If you have a class getting loaded that appears to be the wrong version, add:

-verbose:class

to your JVM startup flags. (And get ready for a lot of output). Grep for the class you're looking for, and the JVM will tell you the originating jar once it's been loaded.

If you are using JNI, add this to JAVA_TOOL_OPTIONS. If Maven, set MAVEN_OPTS.

Debugging a JVM hosted in a C binary

When the Impala cluster is started using the start-impala-cluster.py script all services that use an embedded JVM are launched with open debug ports that allow to conveniently attach using JDB or Eclipse. The convention for the ports is as follows:

Impalad - debug port is 30000 + x , where x is the running number of impalads started. If 3 daemons are started, the ports range from 3000[0-2].
Catalogd - debug port is 30030.

As soon as the JVM is started, it is possible to connect using the above ports. The simplest debugger is jdb:

(jdb is not too convenient by default, so it is recommended to wrap jdb in the rlwrap command, e.g.: alias jdb='rlwrap jdb')

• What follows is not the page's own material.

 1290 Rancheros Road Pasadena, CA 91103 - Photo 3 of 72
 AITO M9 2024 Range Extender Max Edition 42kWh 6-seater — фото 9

jdb -attach localhost:30030

Using Eclipse to attach to a running Impalad JVM

From the Eclipse UI do:

Run->Debug Configurations
In the dialog pane, add (if it doesn't exist) a new "Remote Java Application" with the following fields:
1. Connection Type: Standard (Socket Attach)
2. Host: localhost
3. Port: 3000[0-2] (for a cluster of 3 nodes)
Click on Debug

Additional jvm options can be apssed to the start-impala-cluster.py script using the --jvm_args flag. If it is required to attach the debugger at startup time, use the command below:

Set JAVA_TOOL_OPTIONS in the environment of the C process as follows:

JAVA_TOOL_OPTIONS="-agentlib:jdwp=transport=dt_socket,address=localhost:9009,server=y,suspend=y -Xcheck:jni"

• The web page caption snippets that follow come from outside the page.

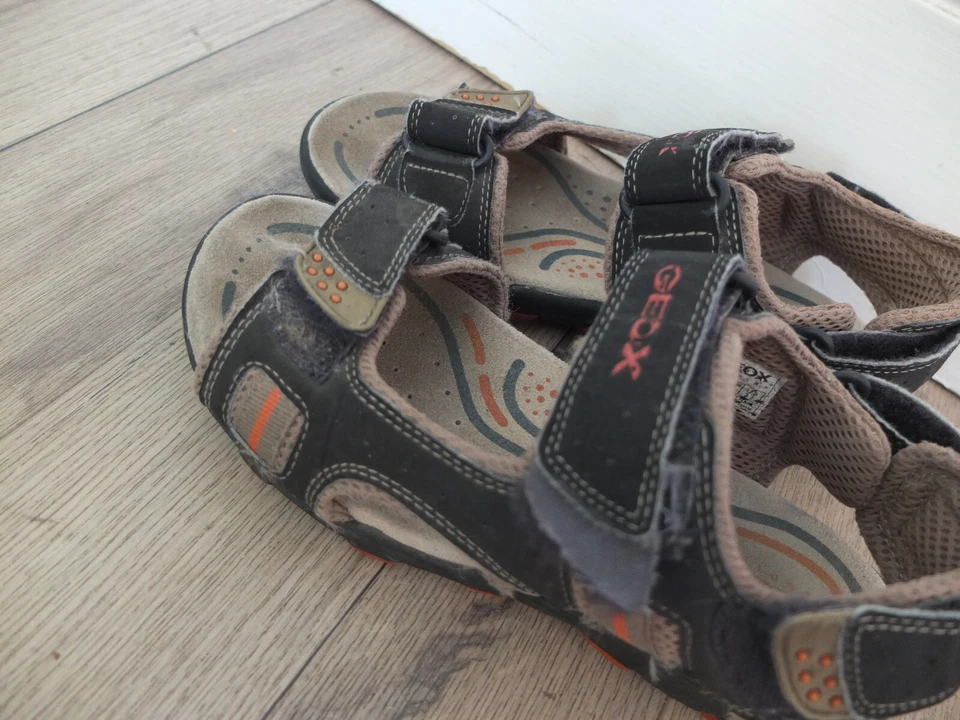 Sandalias deportivas Geox Respira de cuero/sintéticas talla 35 UK 2 1/2 US 3 1/2 Top Foto 4 de 4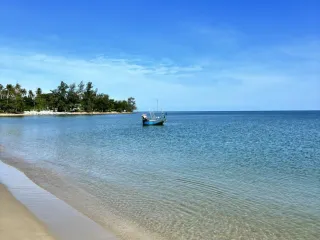 出售 土地 在 Thap Sakae, 班武里府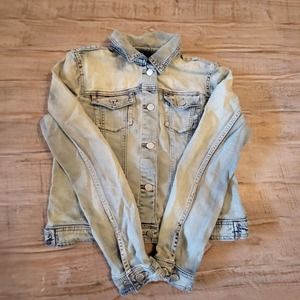 DKNY Jeans Dusty Indigo Small Denim Light Wash Trucker Jacket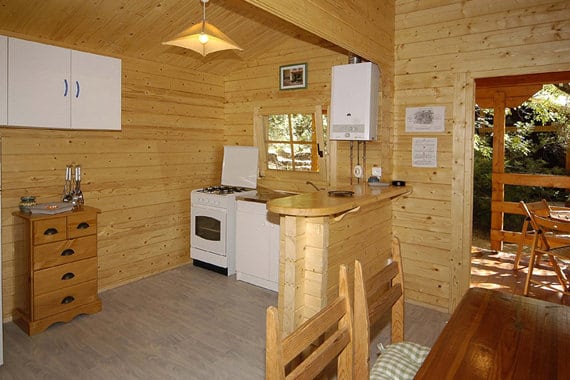 Camping-Les-Oliviers-Corsica-inrichting-bungalow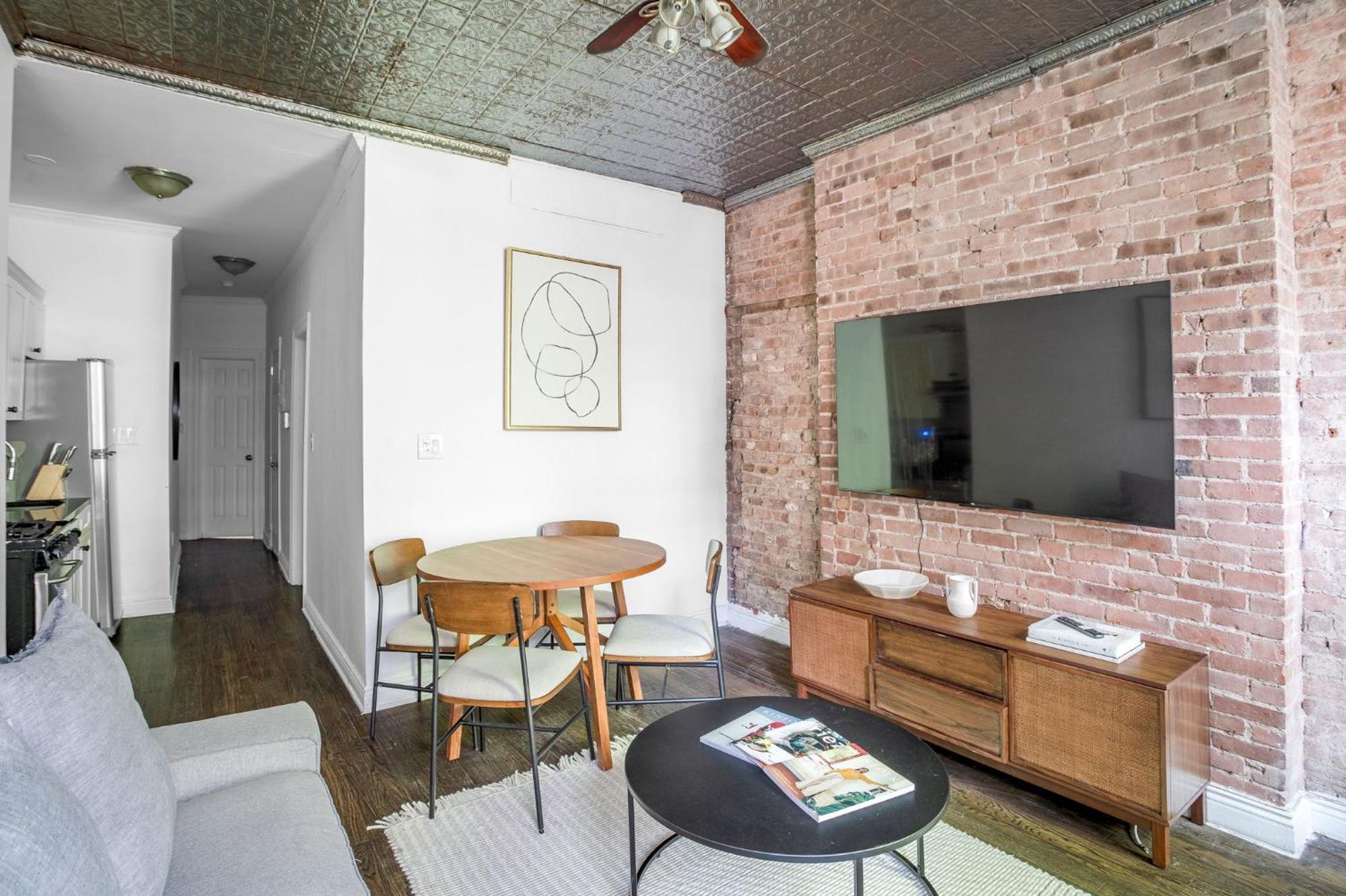 Amazing 2bedroom 1bath On Barrow Street *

Debugging a C library called from a JVM

The easiest thing to do is to arrange for a sleep to occur once the C library is called, long enough for you to call gdb on the Java process id and set a break point. Ugly, but effective.

Log Verbosity

Verbose impalad logging can be enabled by:

export GLOG_v=2

Using GDB

The backend/frontend language split makes roundtrip debugging a bit tricky. To debug things in the backend, use your favorite C++ debugger (e.g. gdb). The front end can be debugged using eclipse. If you need to debug an issue that starts in the frontend but fails in the backend you can start the frontend in eclipse and breakpoint it. Then using jps find the RemoteTestRunner process. You can then attach to this process using the C++ debugger. Note that the JVM will generate segmentation faults that you should just continue from. It always generates one at startup and sometimes others, apparently randomly. More recently we are seeing that there are always two segmentation faults at startup and then it will hang. If you interrupt it (^C) and then continue you can debug.

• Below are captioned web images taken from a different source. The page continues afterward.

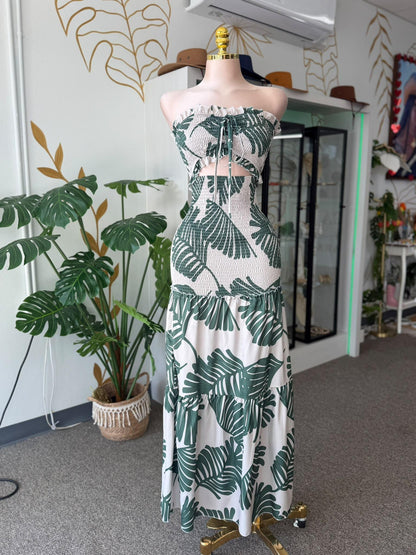 Traje Maxi Tropical Strapless con Cutout al Frente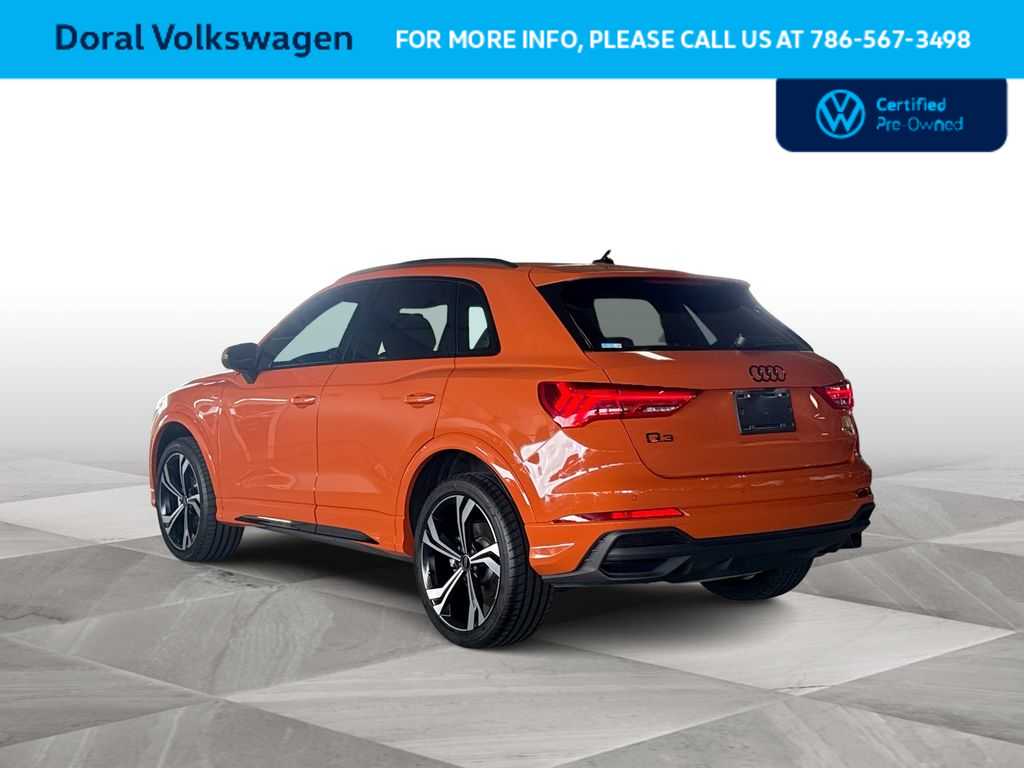 Thumbnail: 2024 Audi Q3 - 6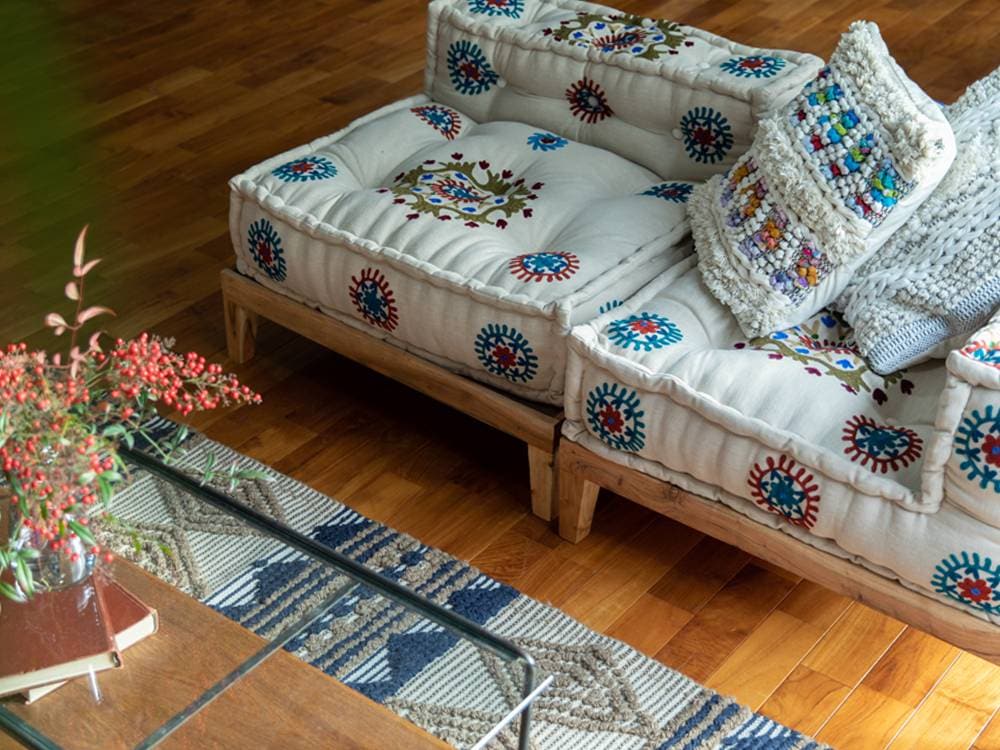 アデペシュのブロックマルチソファとクッションが配置されたリビングルーム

It is best to just have gdb ignore the SIGSEGV traps and let java handle them. This gdb command will do that:

handle SIGSEGV nostop noprint pass

Note that after you do this, sometimes gdb will be unable to evaluate functions (it will say something like "The program being debugged was signaled while in a function called from GDB."). To run functions from gdb while the program is halted, undo the above command:

handle SIGSEGV stop print pass

You can the issue the nostop command again before you continue running the program.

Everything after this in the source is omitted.